The behavior of the tested samples during melting and solidification was observed by the differential scanning calorimeter DSC Q20 (TA Instruments, New Castle, DE, USA). The weight of the sample was 6 mg, which was prepared by a microtome device. The speed of heating and cooling was set to 10 °C/min. The DSC measurement was divided into two parts. The first part contained primary heating from T₀ to T₁, followed by staying at constant temperature (isotherm 1 min), cooling to T₀, staying at constant temperature (isotherm 1 min), and heating to T₁. The observed properties were evaluated during the first heating phase. The first phase of heating was observed in order to determine the changes induced by the previous processing of the material (injection molding). The first phase of heating allowed the observation of the history of polypropylene’s processing and its influence on the structure and macromolecules, while the second phase no longer showed this history.

Polypropylene Borealis BJ380MO is not 100% crystalline; its crystallinity is around 44%, as reported by the authors in the [31] article. The crystallinity must be recalculated according to Formula (7). Crystallinity was calculated from the heat flow by the following equation:

$$X_c=\frac{∆H_m}{{∆H}_m^{100}}\times 100$$

(7)

where X_c is crystallinity (%), ΔH_m is heat flow (J/g), and ΔH_m¹⁰⁰ is heat flow for 100% crystalline polypropylene (207 J/g), which was found in the literature [32].

The process parameters of the DSC test for the determination of the crystallinity of polypropylene were set according to previously conducted studies [32,33,34,35,36]. The authors of these publications used DSC to determine the crystallinity of polypropylene and demonstrated the use of this method to find the crystallinity with sufficient sensitivity.

2.7. Polarized Optical Microscope

Tested samples were cut into slices with a 20 µm thickness in the transverse direction on a rotational microtome Leica RM 2255 (Deer Park, IL, USA). These cuts were examined by a polarized optical microscope, which helped in determining the changes in structure along the cross-section of the tested material.

3. Results

The goal of the experimental work was to find the influence of gate distance on observed parameters such as micro-mechanical properties (indentation hardness, indentation modulus, and indentation creep) and morphology. These properties were measured on the surface layer.

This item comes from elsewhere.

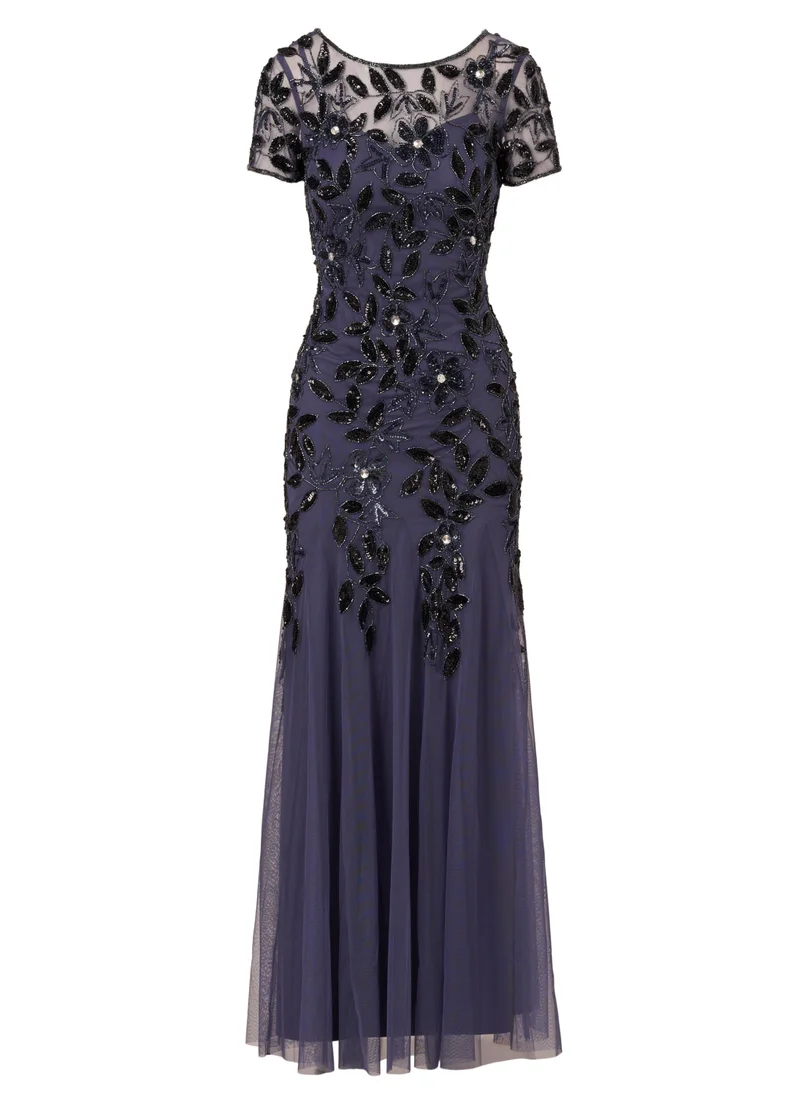 Adrianna Papell Embroidered Tulle Gown Dress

3.1. Injection Molding Simulation

The process conditions were set according to the MoldFlow analysis. Figure 7 shows the results of filling time (Figure 7a), injection pressure (Figure 7b), and skin–core structure (Figure 7c,d) for plate-shaped samples. The results were used not only to set the process parameters of injection molding on the machine itself but also to show the behavior of the polymer in the cavity and predict the orientation created in the skin and core layers. As can be seen in the results of layer orientation, a highly oriented layer was created in the surface layer, while an un-oriented structure was created in the core. This orientation of the skin–core layer has a significant effect on final properties, which can be seen in the results.

The orientation of the skin result (Figure 7d) provides a good indication of how molecules will be oriented on the outside of the part, showing the average principal alignment direction for the whole local area at the end of the filling. The magnitudes of these vectors are normalized to one and are displayed multiplied by the given scale factor. Skin orientation is determined by the velocity direction when the melt front first reaches a given location. The orientation of the skin result is useful for estimating the mechanical properties of a part. For example, the impact strength is typically much higher in the direction of molecular orientation at the skin. The skin orientation generally represents the direction of strength. For plastic parts that must withstand high impact or force, the gate location can be designed to give a skin orientation in the direction of the impact or force.

The orientation at the core result (Figure 7c) provides a good indication of how molecules will be oriented at the part core, showing the average principal alignment direction for the whole element. The core orientation for each triangular element is perpendicular to the velocity vector before the center layer reaches the transition temperature. This is the most probable orientation in the core region of a part. The other possible orientation is in the direction of the velocity vector. Core fiber orientation may be different from skin fiber orientation. Because the melt freezes very quickly when it contacts the mold for the first time, the velocity vector provides the most probable molecular orientation at the skin.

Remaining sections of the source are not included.